Information provided -
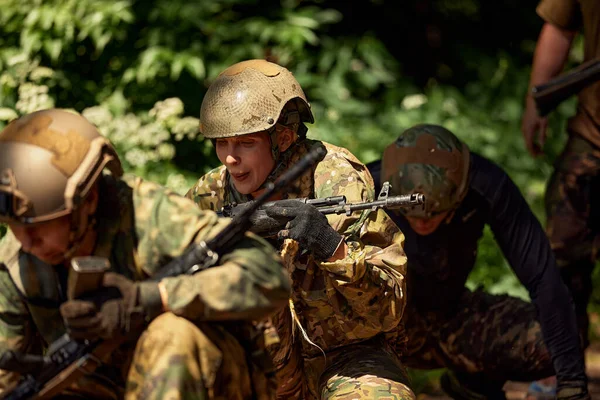 Soldiers game on military training ground battle camp. Action. Operation Trainer giving training to military soldiers at boot camp.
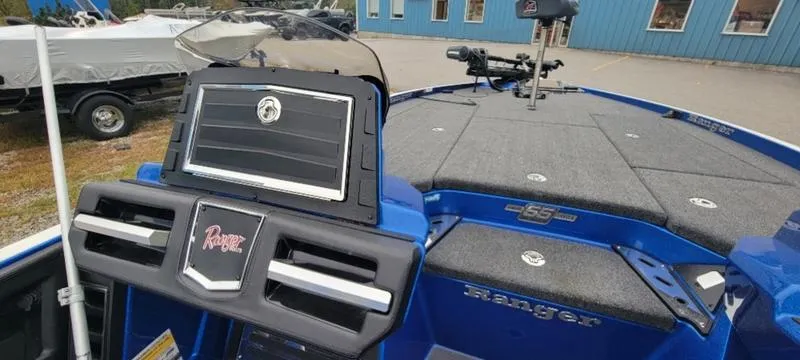 Slide: The Image of 2023 Ranger Z 521 RC boat interior with control panel and seating area. - 12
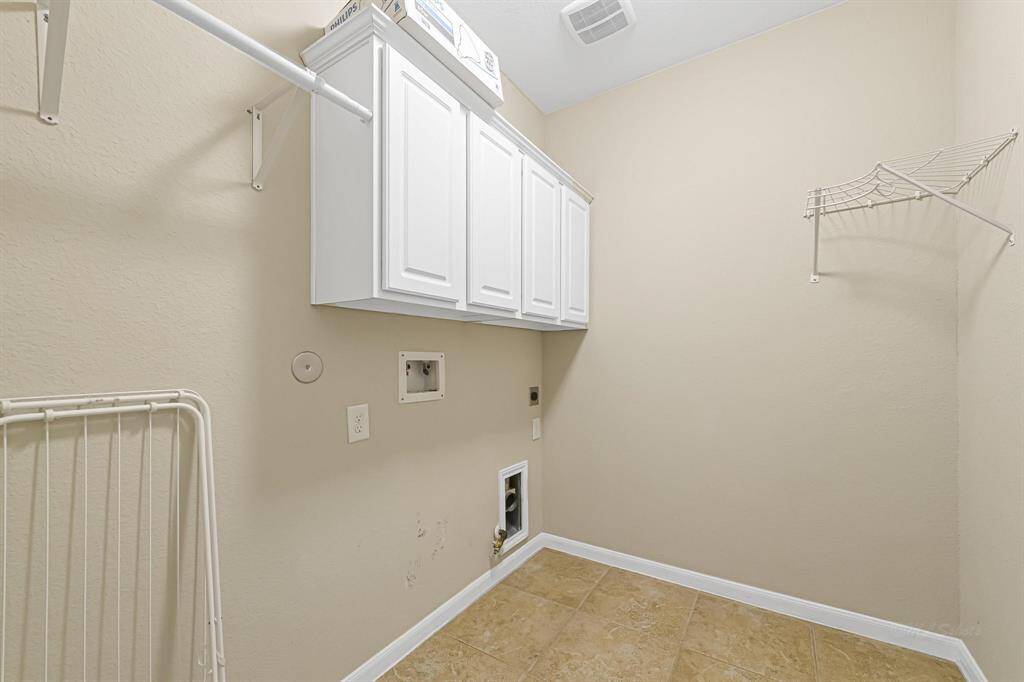 In door laundry room offers extra storage space, area to hang clothes, and gas or electric dryer connections.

The task -
The data above must be copied exactly. Leave out the pictures.

Exercise answer -
 Soldiers game on military training ground battle camp. Action. Operation Trainer giving training to military soldiers at boot camp.
 Slide: The Image of 2023 Ranger Z 521 RC boat interior with control panel and seating area. - 12
 In door laundry room offers extra storage space, area to hang clothes, and gas or electric dryer connections.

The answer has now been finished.